Aum Namo Bhagavate Vasudevaya

So, the topic I’ve been asked to speak on is The Power of Forgiveness – Breaking chains, healing hearts. I think everybody at different times in their life have experienced being let down by someone, I guess, or hurt, or have been wronged by someone. And when this arises in our life it can leave us confused, disappointed, sad, angry, or all of the above.

Tonight—well, you know, whenever we have these conversations—the spiritual perspective and the encouragement to adopt a more spiritual outlook on life requires actually a quite big paradigm shift, a big shift in what we consider normal; and for many of us that is quite challenging, and it’s not a bad thing to be challenged. It’s mostly a really good thing to be challenged.

In the title, I kind of like the title that was given to me, particularly the second part, “breaking chains and healing hearts.” And it’s sort of like, whoa, that sounds like a pretty heavy kind of way to frame things, “breaking chains.” So being chained up really implies being enslaved. And what is enslaved means? Means I become forced to act in certain ways even though it may be not in my interest, or even against my will. It indicates, the chain part of thing, being chained, actually becoming a prisoner, to be held captive. And it’s sort of like, well, what does that have to do with the topic?

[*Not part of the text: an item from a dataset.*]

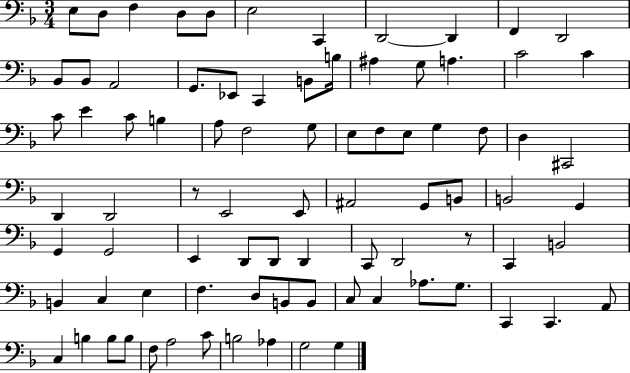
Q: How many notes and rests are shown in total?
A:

When I hold resentment and anger because of past transgressions that others may have committed against me, then the tendency is to want to keep revisiting, to—our life becomes shaped by these kinds of experiences and events. Anger and resentment are actually very cruel masters. They do not make our life, in any way, good. They don’t contribute one single good thing to our life. And we are kind of kind of aware of that. I mean if we take it in isolation, and I ask the question, “Well how exactly is anger going to help me? How is resentment going to help me in my life, help me to live a better type of life?” And the answer is, it won’t. It won’t and it can’t.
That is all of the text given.